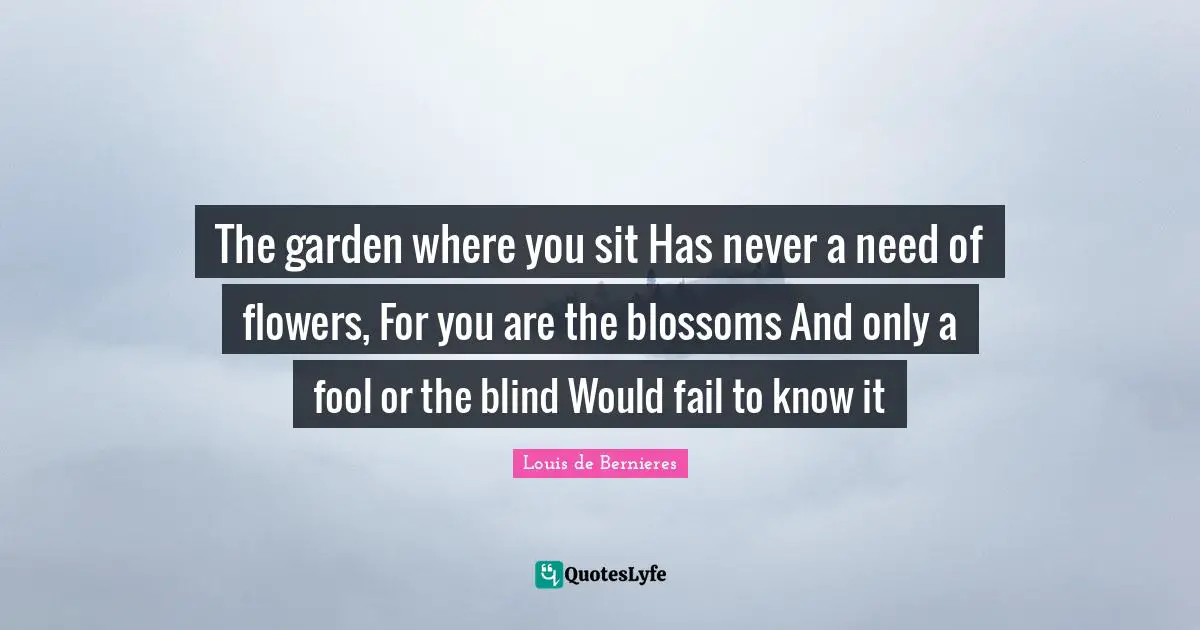The garden where you sit Has never a need of flowers, For you are the blossoms And only a fool or the blind Would fail to know it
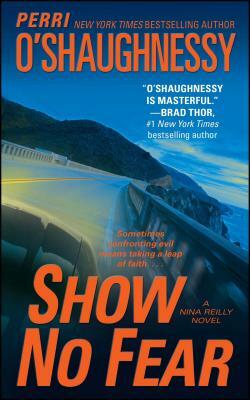 Show No Fear: A Nina Reilly Novel by Perri O'Shaughnessy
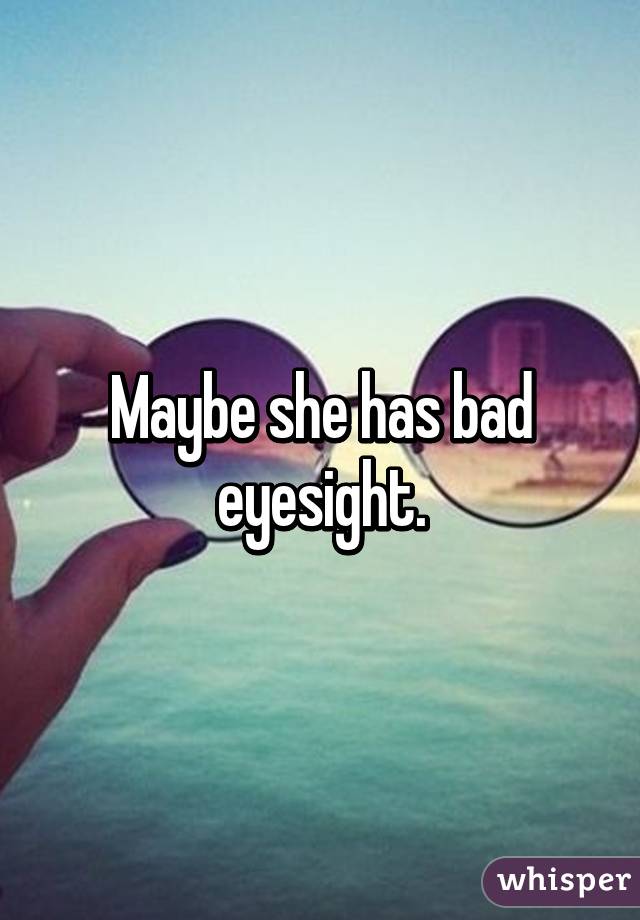 Maybe she has bad eyesight.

* Task to carry out: Drop the images and return the data verbatim.

* Response:
The garden where you sit Has never a need of flowers, For you are the blossoms And only a fool or the blind Would fail to know it
 Show No Fear: A Nina Reilly Novel by Perri O'Shaughnessy
 Maybe she has bad eyesight.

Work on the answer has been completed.